Thursday 1 September 2016

Pilots log Wednesday the Thirty-first of August, 2016.

Pilots log Wednesday the Thirty-first of August, 2016.

This morning, I climbed aboard my shiny craft, the Mark I Ego, and flew into what I thought would be a warm welcome at the Wordsmiths. Little did I know. Warm? Warm indeed.

As I entered the controlled space of the library, a dark shadow flitted above my craft and opened fire. The rat-a-tat-tat of cannon and bursts of, ‘More like homework – More life homework – More like homework’ exploded around my ears as it tore holes in the Mark I Ego.

In a sweat of panic, I took evasive action and escaped, only to fly into heavy artillery fire from below. Not fun - Not fun - Not fun burst around my intrepid craft, ripping into the Mark I Ego’s fuselage and sending it into a death spiral.

As the flames crackled and blinding smoke billowed from the doomed craft, I bailed out.

Landing in front of my attackers, I held my hands high in surrender and cried out, ‘Don’t hurt me, I’ll do better next time.
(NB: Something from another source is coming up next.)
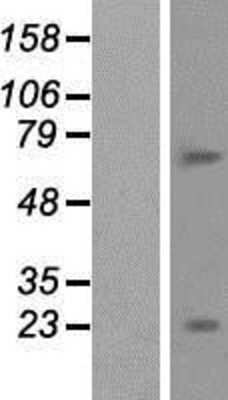 Western Blot: BTBD11 Overexpression Lysate [NBP2-05405]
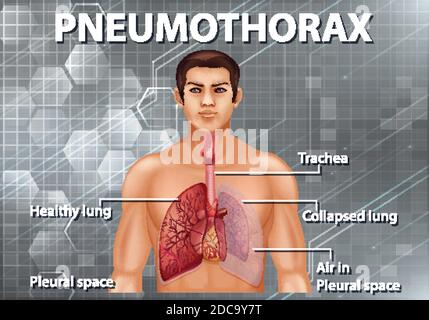 Human anatomy Pneumothorax diagram illustration Stock Vector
I promise I’ll make it fun.’
I was let off with a dire warning of extreme punishment if I mucked up again. ‘Next time, it will be fun.’

It was a full crew today, except for Kristen who is on a temporary sabbatical.

Everyone put the two pieces together (except for Terry who was away and didn’t get a chance to put pen to paper this time).  We all read out our stories and there were some cracking yarns, most of which would make good competition entries.
If you would like your story put up on our blog, please send it direct to Terry. However, if you want to send it into a competition, don’t put it onto the blog.

After that, we tried a progressive story, based on a picture of a bride in a tractor with the groom running behind. With each person, in turn, adding a few lines to the yarn, the story stumbled ahead, weaving and jerking its progress. Chaos reigned and it sounded like a chicken pen at feed time.
At the start, before anyone else could move, Joleen grabbed the best job – scribe. She scrawled away furiously on the white board. In constant motion, she wrote comments, rubbed them out, changed them as the crowd roared their advice, until at last we had a rather good, totally disjointed story about a failed wedding, death, and mayhem.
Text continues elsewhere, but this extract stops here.